From the podium, Kasich talked about poverty.
"We are seeing some of the heartbreaking results of poverty in our community today," Kasich said referring to what was playing out six miles away in East Cleveland where three women were found dead over the weekend.
Asked about the situation the governor said "it's heartbreaking. It was heartbreaking when we had the last announcement," he said about Amanda Berry, Gina DeJesus and Michelle Knight found alive after 10 years in captivity.
"Fortunately, somehow through the grace of God, those women appear to be pulling through."

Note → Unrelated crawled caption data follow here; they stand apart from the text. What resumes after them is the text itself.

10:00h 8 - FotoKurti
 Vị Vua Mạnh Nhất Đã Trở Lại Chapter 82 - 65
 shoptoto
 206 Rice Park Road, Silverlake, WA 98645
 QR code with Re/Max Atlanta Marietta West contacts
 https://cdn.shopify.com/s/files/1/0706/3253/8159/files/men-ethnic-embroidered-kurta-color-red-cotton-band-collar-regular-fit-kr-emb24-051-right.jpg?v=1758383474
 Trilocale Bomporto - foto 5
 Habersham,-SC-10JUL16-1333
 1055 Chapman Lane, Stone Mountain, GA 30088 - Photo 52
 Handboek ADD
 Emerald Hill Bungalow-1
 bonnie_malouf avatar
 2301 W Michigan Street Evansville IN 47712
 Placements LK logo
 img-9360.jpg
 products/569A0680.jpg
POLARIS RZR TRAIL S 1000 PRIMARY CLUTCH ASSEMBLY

Kasich said it's what can happen in neighborhoods hard hit by poverty. "It's what happens when you have individuals who are very dangerous inside of a community and somehow we lose track of them," he said.
"It's about breakdown of neighborhoods, sometimes where we don't always know our neighbors. There's so much to it but poverty to me is kind of at the core of it.
"That's why I feel so strongly that no neighborhood can be left behind and why I feel so strongly about the fact that when you start doing better everyone has to share in the growth," he said.
During the announcement for the project to link Interstate 490 and University Circle, Kasich said the best way to deal with poverty is to "give people hope by giving them a sense that they can get work."
"That's why I always say that jobs are the greatest moral imperative because when mom and dad are working, the family's stronger, the marriage is better and the kids are better off," he said.
When asked about the ongoing debate over how best to use federal Hardest Hit funds to tear down or to fix up abandoned homes to help some of these neighborhoods Kasich said there's no set answer.
"I talked to the mayor (Frank Jackson) about it even this morning," Kasich said.
"You've got to figure out from the people who are right there in the neighborhoods and on the ground what is the best thing to do in terms of rehab vs. tear down," he said. "We've already started a few discussions on it but we're going to need to accelerate them."